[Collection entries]
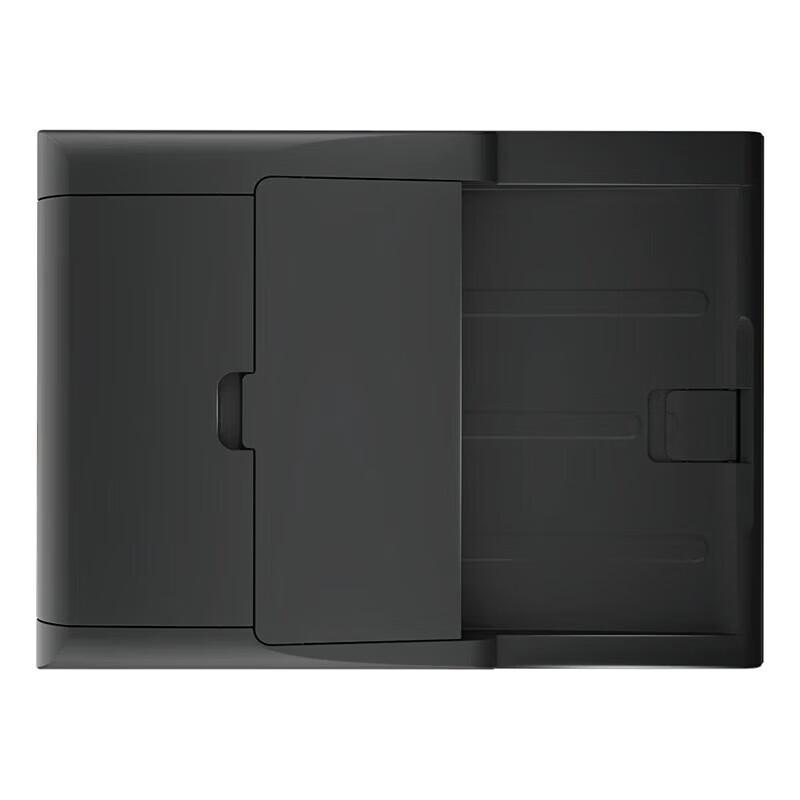 Pantum MS6550NW A4 Mono Laser 3-in-1 Printer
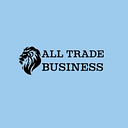 ALL TRADE BUSINESS S.R.L.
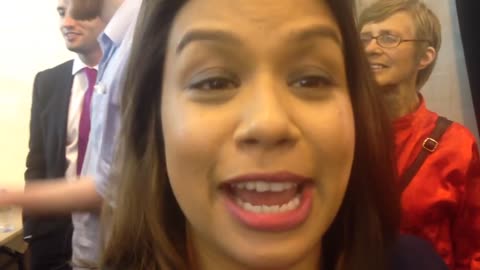 Tulip Siddiq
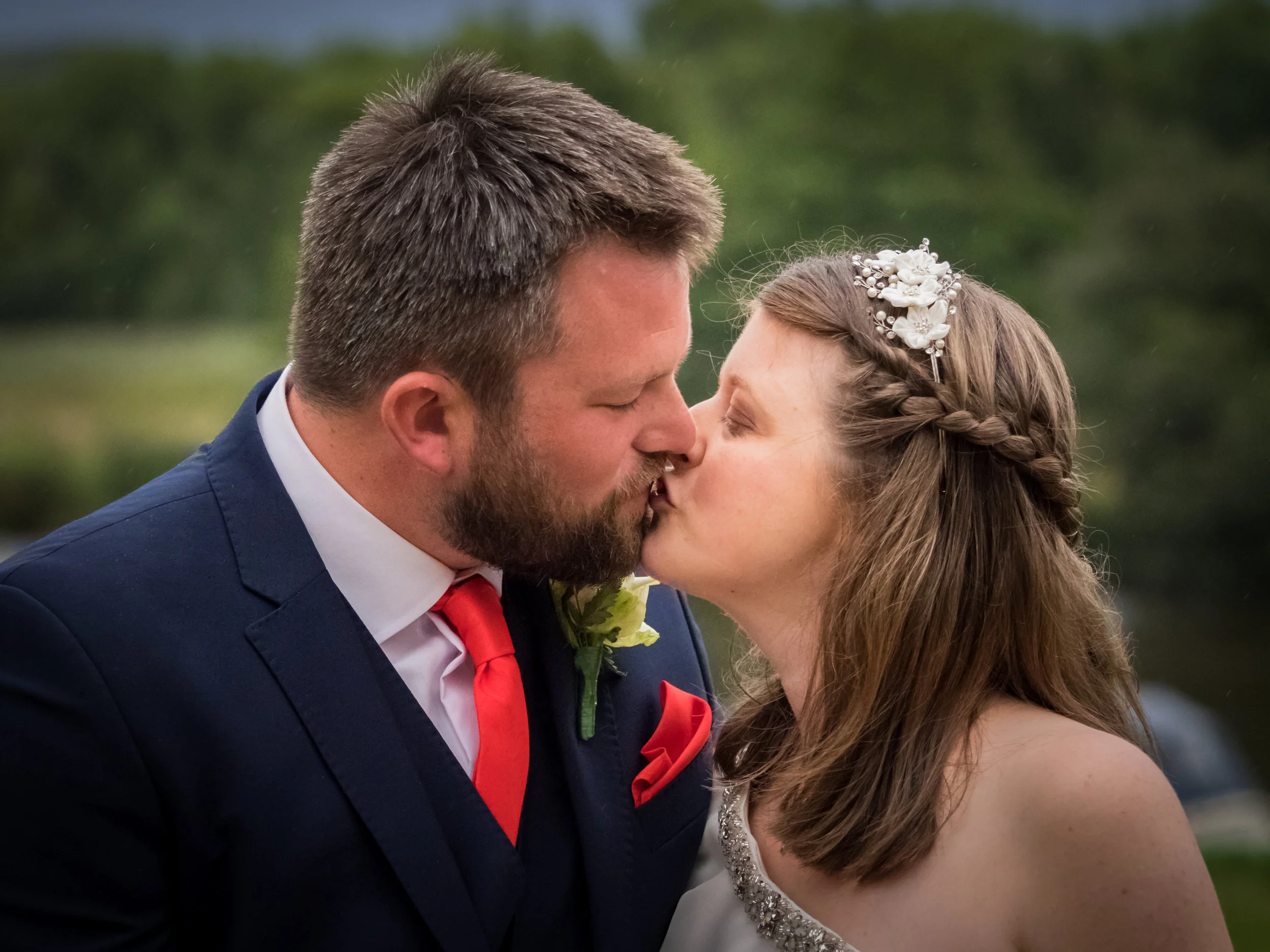 Neil Graham Wedding Photography.com-749.jpg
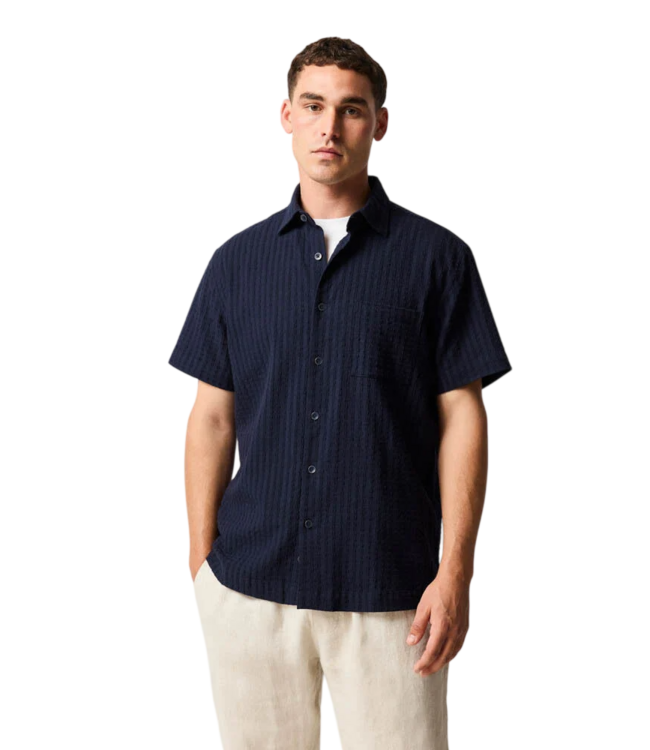Rodd & Gunn Mystery Creek SS Shirt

● What is being asked:
Skipping every picture, reproduce the records word for word.

● Result for this exercise:
 Pantum MS6550NW A4 Mono Laser 3-in-1 Printer
 ALL TRADE BUSINESS S.R.L.
 Tulip Siddiq
 Neil Graham Wedding Photography.com-749.jpg
Rodd & Gunn Mystery Creek SS Shirt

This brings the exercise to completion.